▸ AVAILABLE DATA:
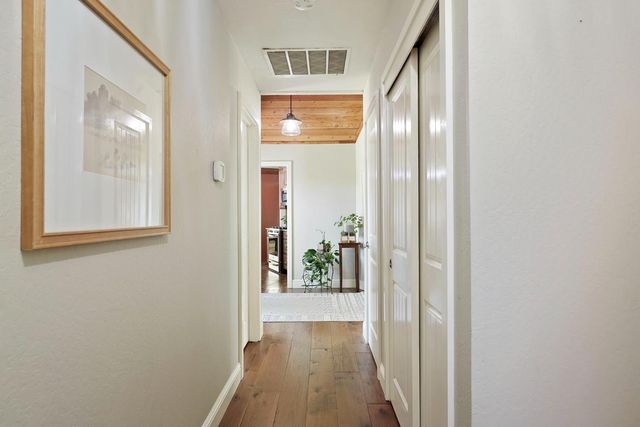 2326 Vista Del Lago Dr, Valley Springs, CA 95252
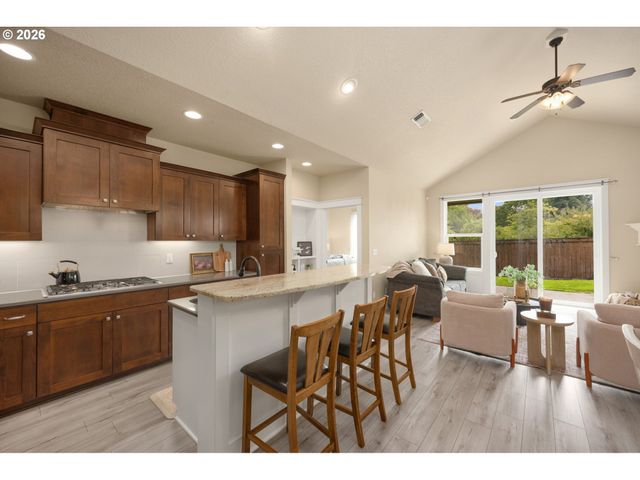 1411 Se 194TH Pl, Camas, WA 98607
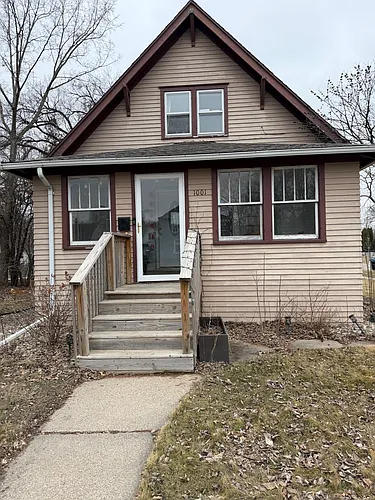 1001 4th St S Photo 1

==

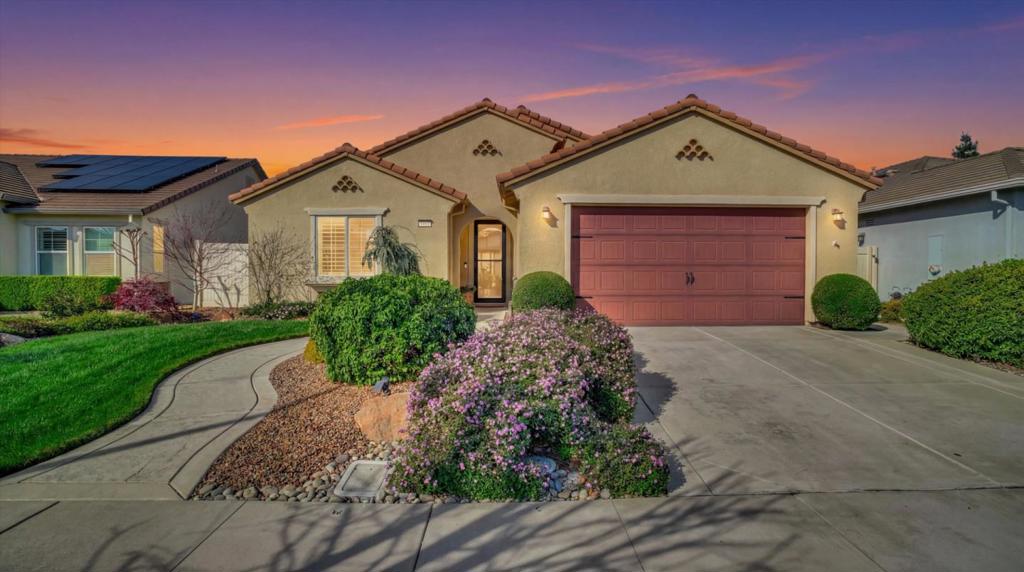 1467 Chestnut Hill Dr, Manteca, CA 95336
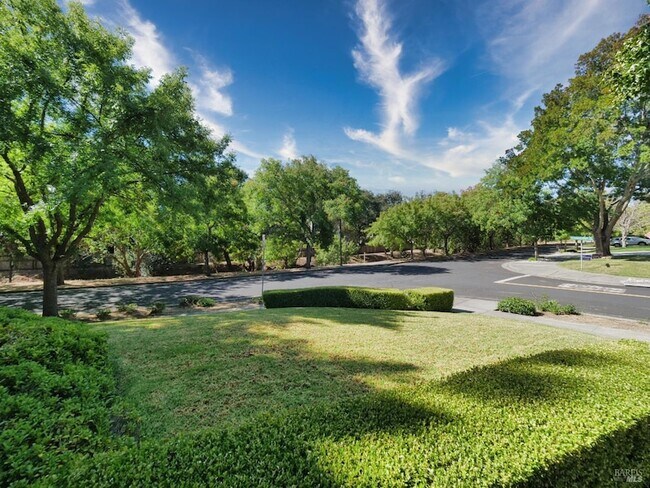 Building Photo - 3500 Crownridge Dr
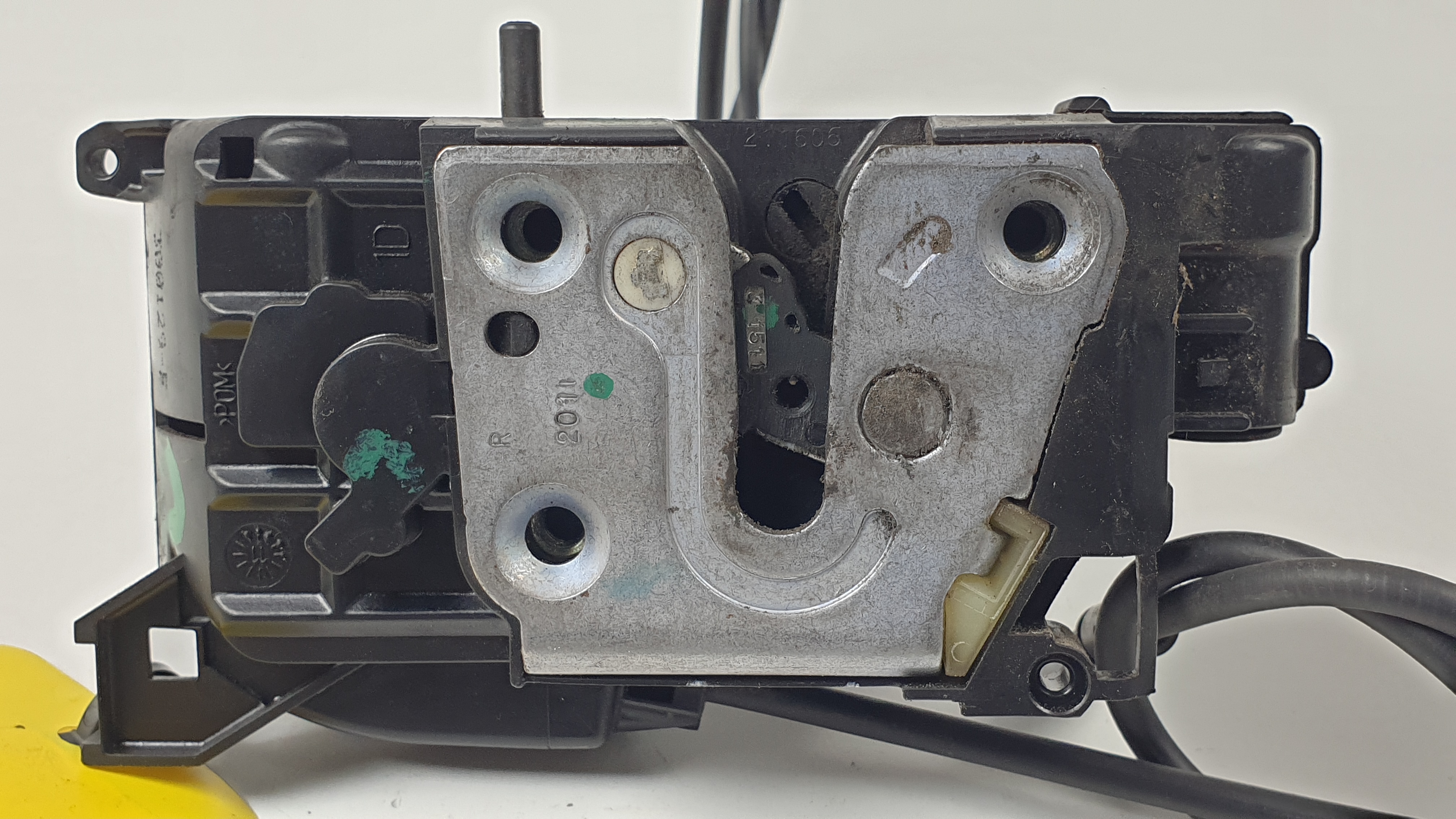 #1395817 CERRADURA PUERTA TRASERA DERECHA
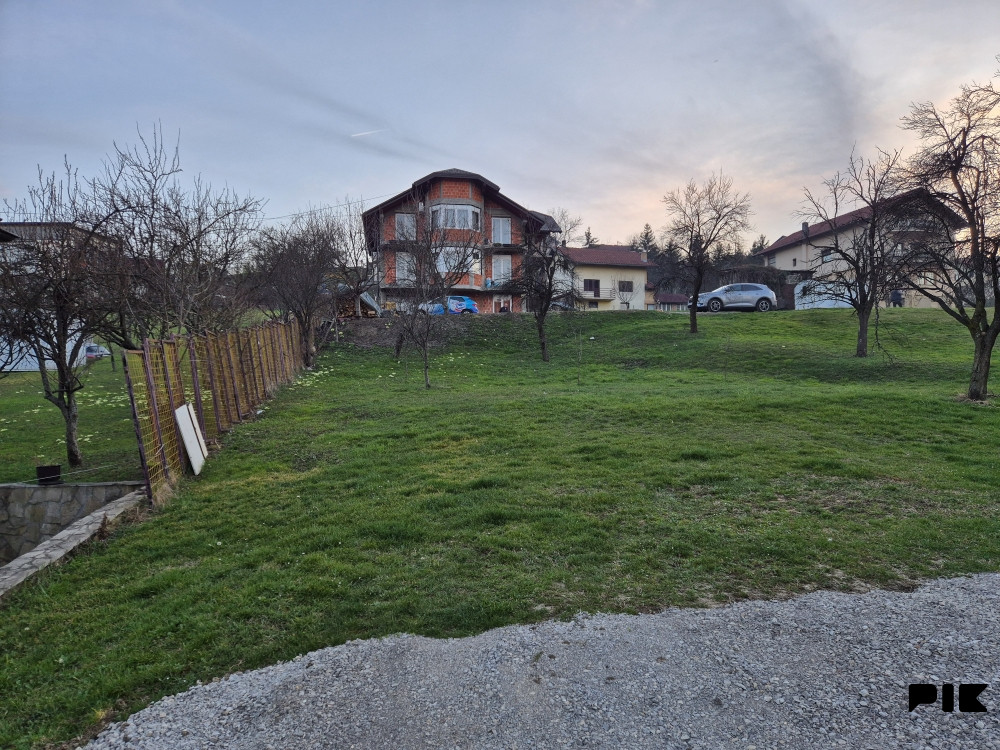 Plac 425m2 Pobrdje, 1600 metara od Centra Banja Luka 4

* * *

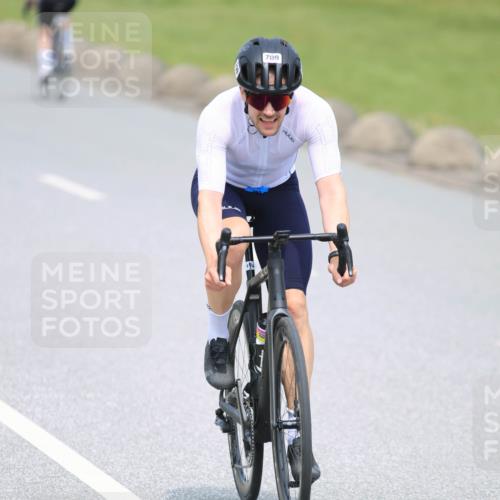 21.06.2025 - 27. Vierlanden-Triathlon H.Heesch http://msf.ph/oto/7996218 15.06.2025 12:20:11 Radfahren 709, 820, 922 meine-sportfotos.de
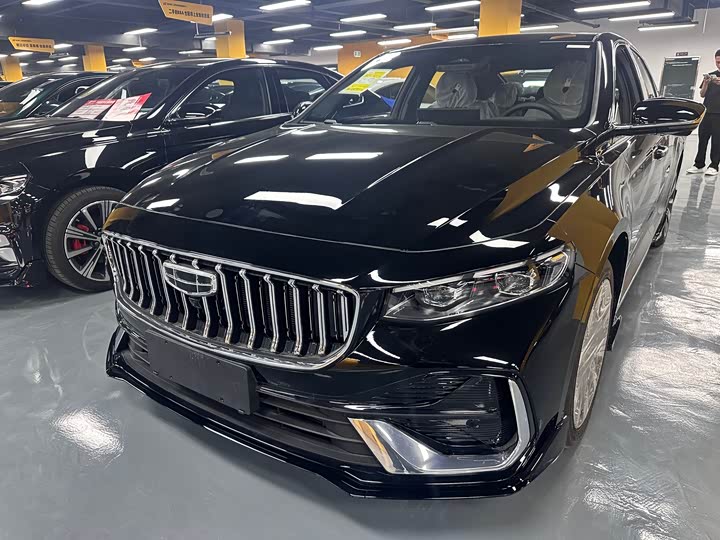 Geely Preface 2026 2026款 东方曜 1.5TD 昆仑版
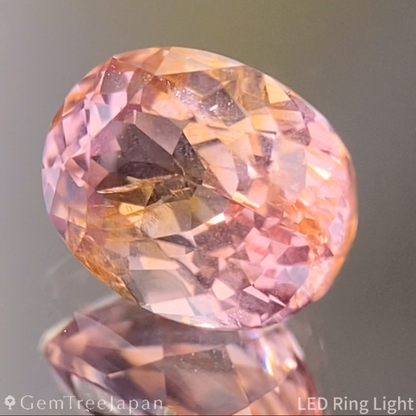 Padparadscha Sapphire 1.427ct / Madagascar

▸ WORK INSTRUCTION: With the pictures omitted, copy the entries above exactly from the line containing "Building Photo - 3500 Crownridge Dr" through the line containing "Plac 425m2 Pobrdje, 1600", both lines included.

▸ ANSWER TO THIS PROBLEM:
 Building Photo - 3500 Crownridge Dr
 #1395817 CERRADURA PUERTA TRASERA DERECHA
 Plac 425m2 Pobrdje, 1600 metara od Centra Banja Luka 4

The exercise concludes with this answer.